Activity
All that is needed is the line containing "Man stands in" and the lines after it to the end of the material, written out exactly, pictures left aside.

-- Given entries follows --

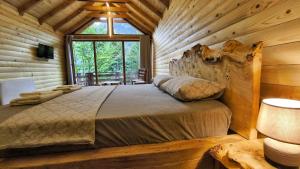 a bedroom with a bed in a log cabin at Chalet Jezerca in Valbonë
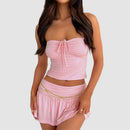 Tvådelat set med kort kjol och topp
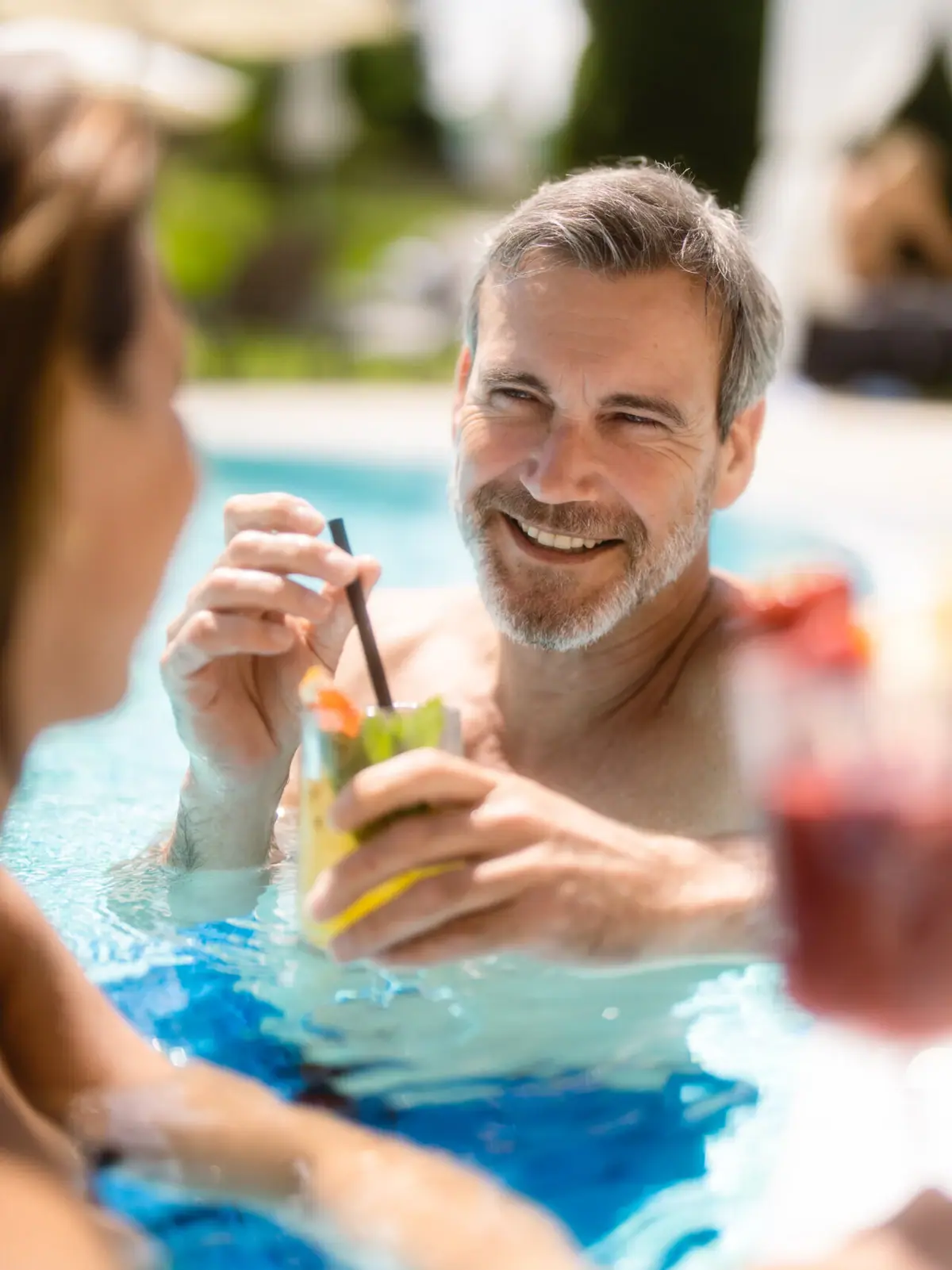 Ein Mann und eine Frau lächelnd im Schwimmbecken.
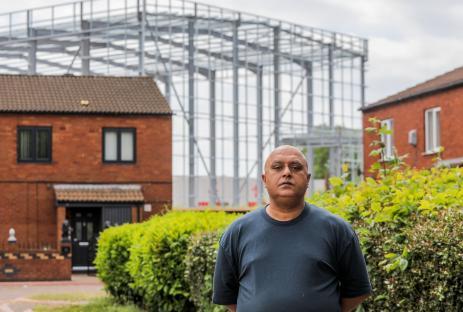 Man stands in front of a large warehouse under construction.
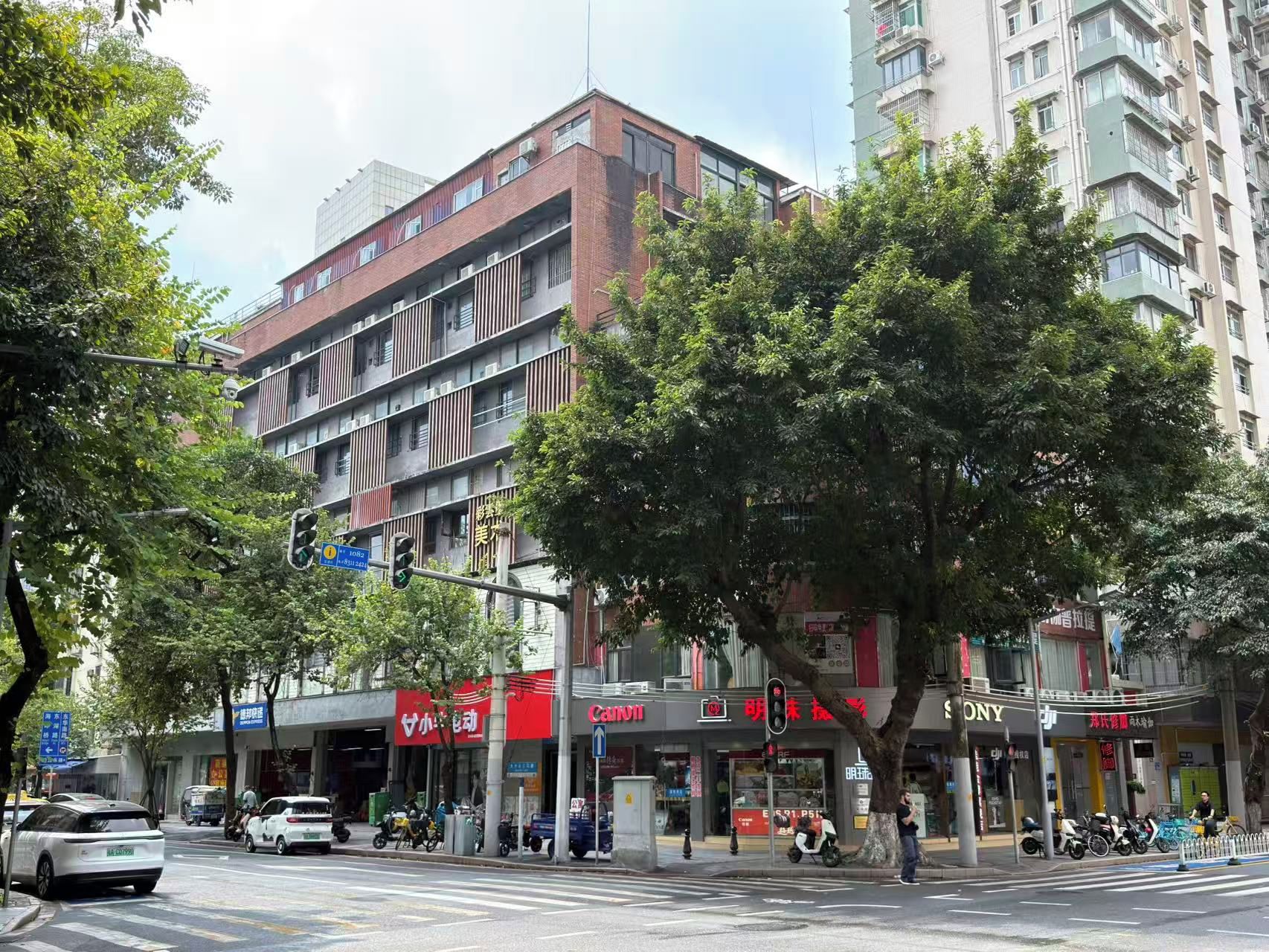 A multi-story building with commercial establishments on the ground floor, including a Canon store.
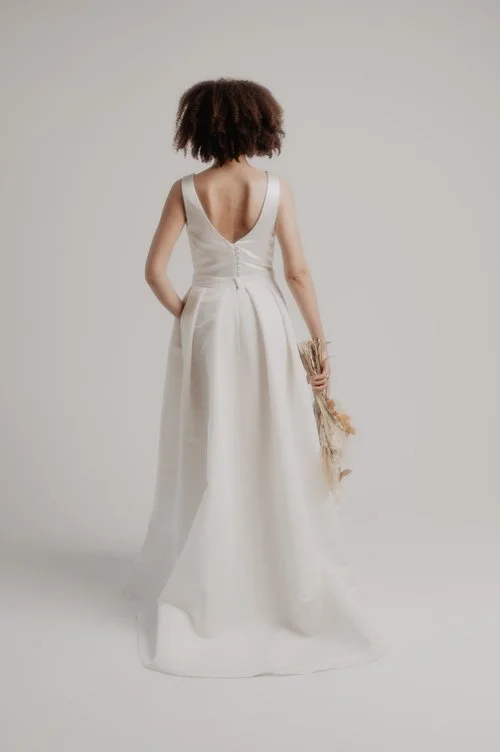 Sarah Barker elegant plunge back ballgown wedding dress in ivory satin with a full skirt and button detail, photographed in a minimalist studio setting with the bride holding a dried flower bouquet.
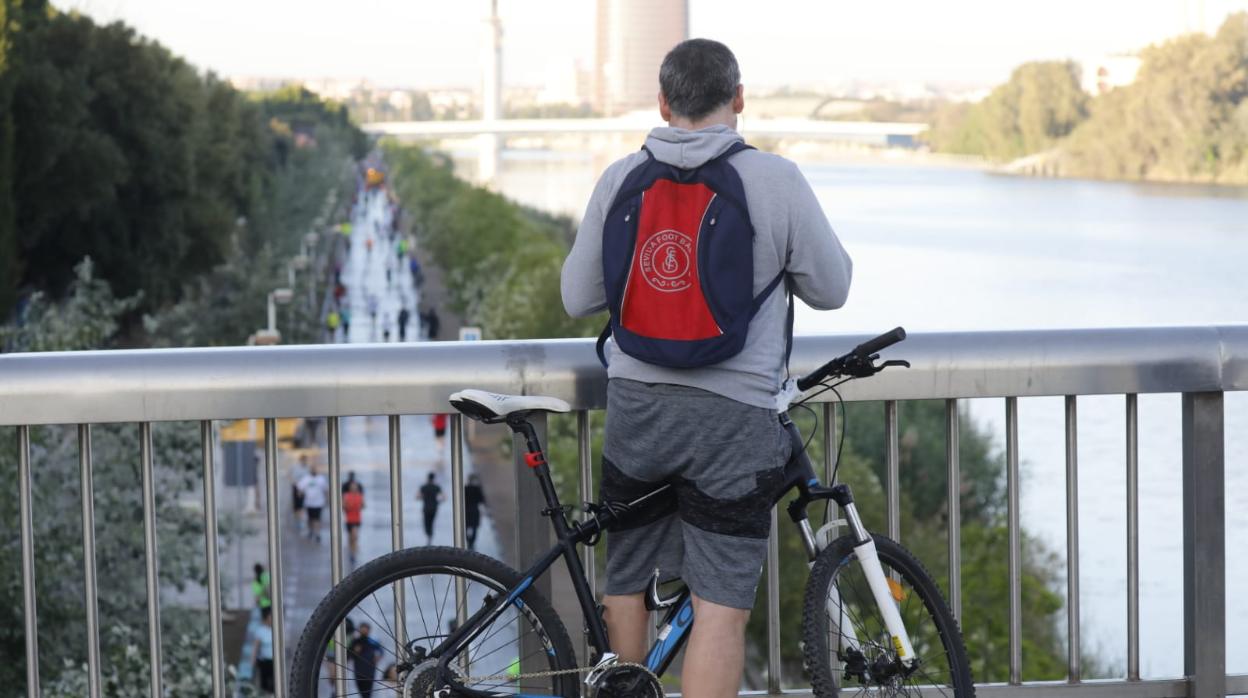 Un ciclista observa la riada de corredores por el paseo del río Guadalquivir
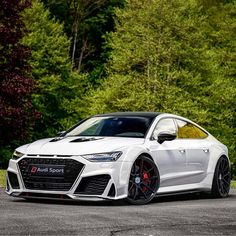 a white audi sports car parked in front of some trees and bushes on the side of the road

-- Given entries concluded --

Answer box
 Man stands in front of a large warehouse under construction.
 A multi-story building with commercial establishments on the ground floor, including a Canon store.
 Sarah Barker elegant plunge back ballgown wedding dress in ivory satin with a full skirt and button detail, photographed in a minimalist studio setting with the bride holding a dried flower bouquet.
 Un ciclista observa la riada de corredores por el paseo del río Guadalquivir
 a white audi sports car parked in front of some trees and bushes on the side of the road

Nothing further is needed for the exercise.